Viva Gold represents a particular niche in the mining industry: the single-asset junior company. Unlike larger mining companies with portfolios of projects spread across multiple geographies and at various development stages, Viva Gold has bet its entire value proposition on one deposit and its ability to advance it. This concentration creates both opportunity and risk. The opportunity is focus: all of the company’s capital and management effort goes toward one project, increasing the odds of successful execution. The risk is that if Tonopah encounters permitting delays, ore grade or tonnage falls short of early estimates, or market conditions change, there is no other project to fall back on.

The Tonopah deposit and the Walker Lane

The Tonopah Gold Project sits on the Walker Lane, a major structural feature in Nevada and California known for its prolific mineralization. The Lane is home to several operating gold mines, including Kinross Gold’s Round Mountain mine and other significant producers. Tonopah itself is a historic town with deep roots in Nevada mining—silver was discovered there in the 1800s, and the town boomed as a mining center before eventually declining as mines exhausted their reserves or became uneconomical. Modern exploration in the Tonopah district has identified a large low-grade gold deposit that earlier generations of miners did not exploit, either because gold prices were too low at the time or because the technology to mine it efficiently did not exist.

Viva Gold’s Tonopah deposit is described as large—meaning substantial total ounces of gold—and low-grade, meaning the gold is spread through large volumes of rock rather than concentrated in small, rich zones. This profile favors a bulk open-pit mining operation with heap leaching, a processing method that dissolves gold from low-grade ore and concentrates it for recovery. Open-pit, heap-leach operations have large upfront capital requirements to build the pit and construct the heap-leach pads, but they can process ore at low cost per ton if the volume is sufficient. Viva Gold’s Preliminary Economic Assessment (completed in June 2025) modeled the project as viable under reasonable gold price assumptions, though the outcome depends on ore tonnage estimates proving accurate and capital costs not escalating significantly.

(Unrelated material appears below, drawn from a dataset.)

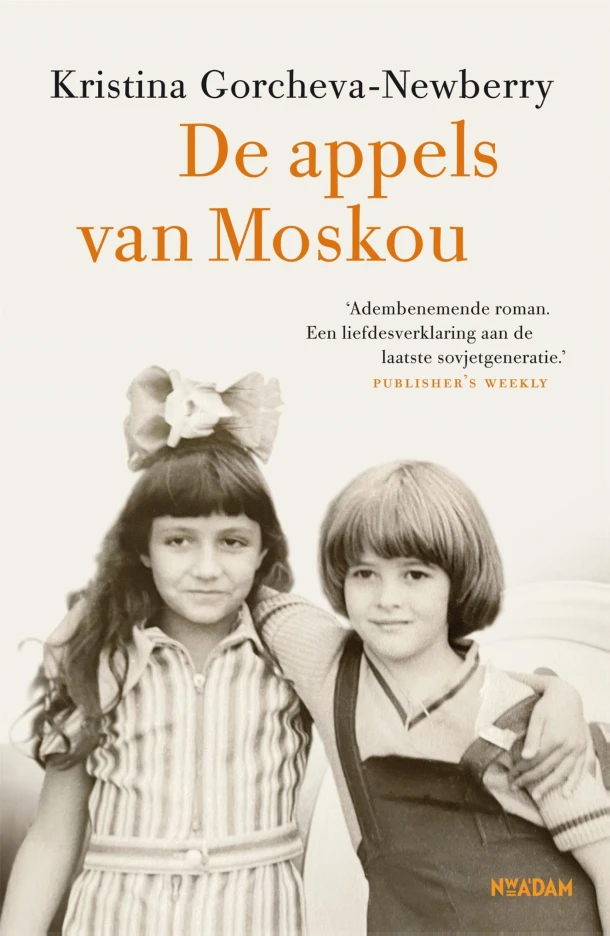 De appels van Moskou – Kristina Gorcheva-Newberry – boek cover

Exploration and resource definition

Viva Gold’s principal activity is drilling to define the extent and grade of the gold deposit. Mineral deposits are defined by drilling holes at strategic locations to intersect mineralized rock, measuring the grade (gold content per ton of rock) and calculating the tonnage of ore that exceeds an economic threshold. In early-stage exploration, holes are spaced widely and may miss mineralization entirely. As a project advances toward development, the company drills infill holes to narrow the spacing and reduce the uncertainty in resource estimates. Viva Gold recently commenced a reverse-circulation drilling program at Tonopah with a planned 2,500 meters of new drilling, focused on converting “inferred” resource (the most uncertain category) to “indicated” resource (more confident) and on expanding the resource in areas not yet fully drilled.

This process can take years. Each drill campaign requires planning, permitting at the local level, mobilizing rigs, drilling, analyzing results, and then planning the next round of drilling. As the company drills, it is also building the geological model—understanding the controls on mineralization, identifying the boundaries of the ore body, and identifying extensions where mineralization might continue beyond what is currently known. The quality of resource estimates improves as drilling density increases, but at a cost: every drill hole costs money. A company with limited capital must balance the desire for more certainty with the need to preserve cash. The risk for Viva Gold is that as it drills, results could prove disappointing—the deposit could be smaller, lower-grade, or more structurally complex than early indications suggested, reducing its economic viability.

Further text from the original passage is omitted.